• **Data supplied**
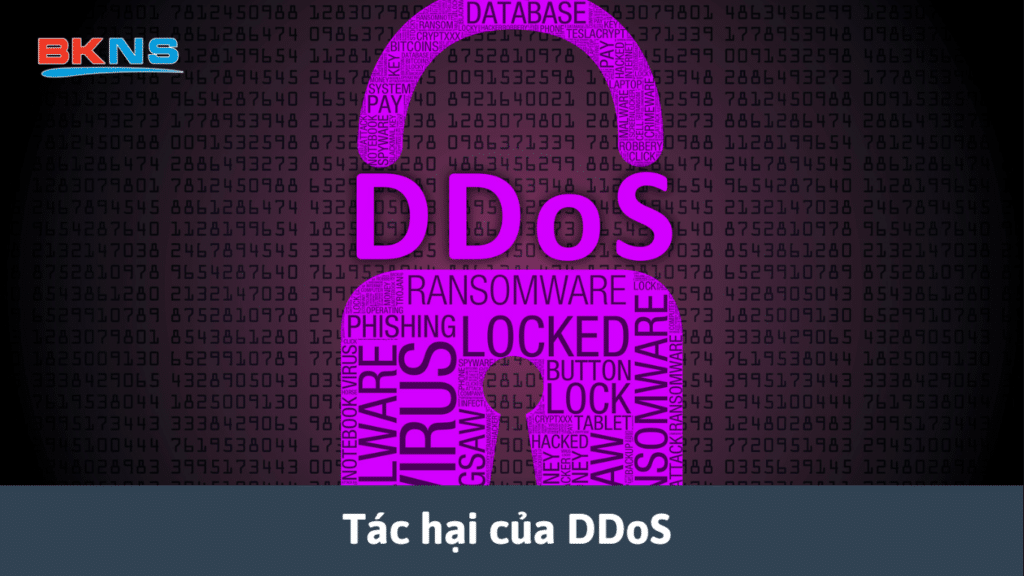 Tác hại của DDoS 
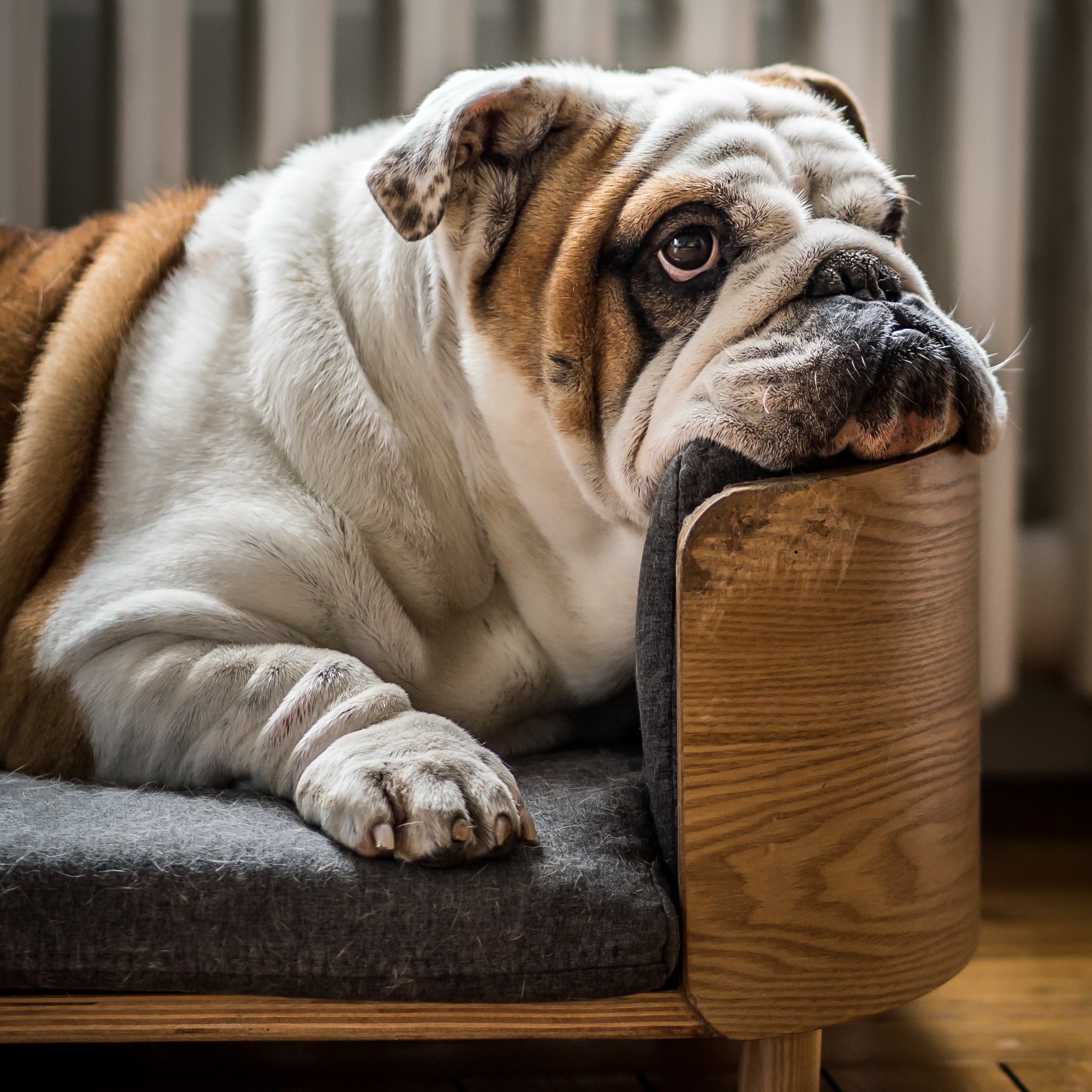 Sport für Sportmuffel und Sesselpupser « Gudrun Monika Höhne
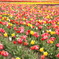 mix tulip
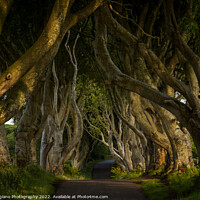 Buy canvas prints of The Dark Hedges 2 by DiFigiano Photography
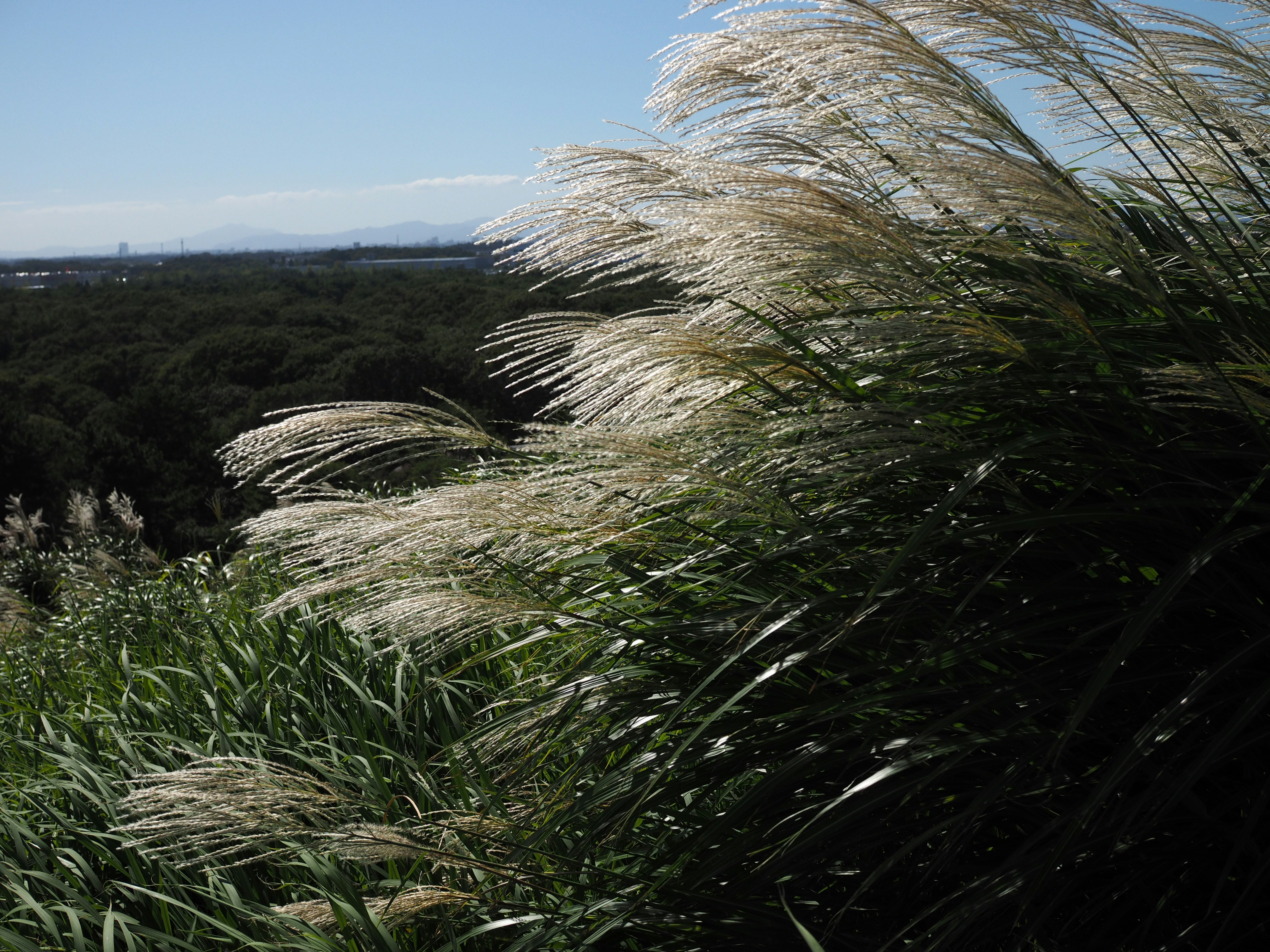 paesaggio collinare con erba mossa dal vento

• **Try it**
A faithful copy of all the entries is required, pictures excluded.

• **Task response**
 Tác hại của DDoS 
 Sport für Sportmuffel und Sesselpupser « Gudrun Monika Höhne
 mix tulip
 Buy canvas prints of The Dark Hedges 2 by DiFigiano Photography
 paesaggio collinare con erba mossa dal vento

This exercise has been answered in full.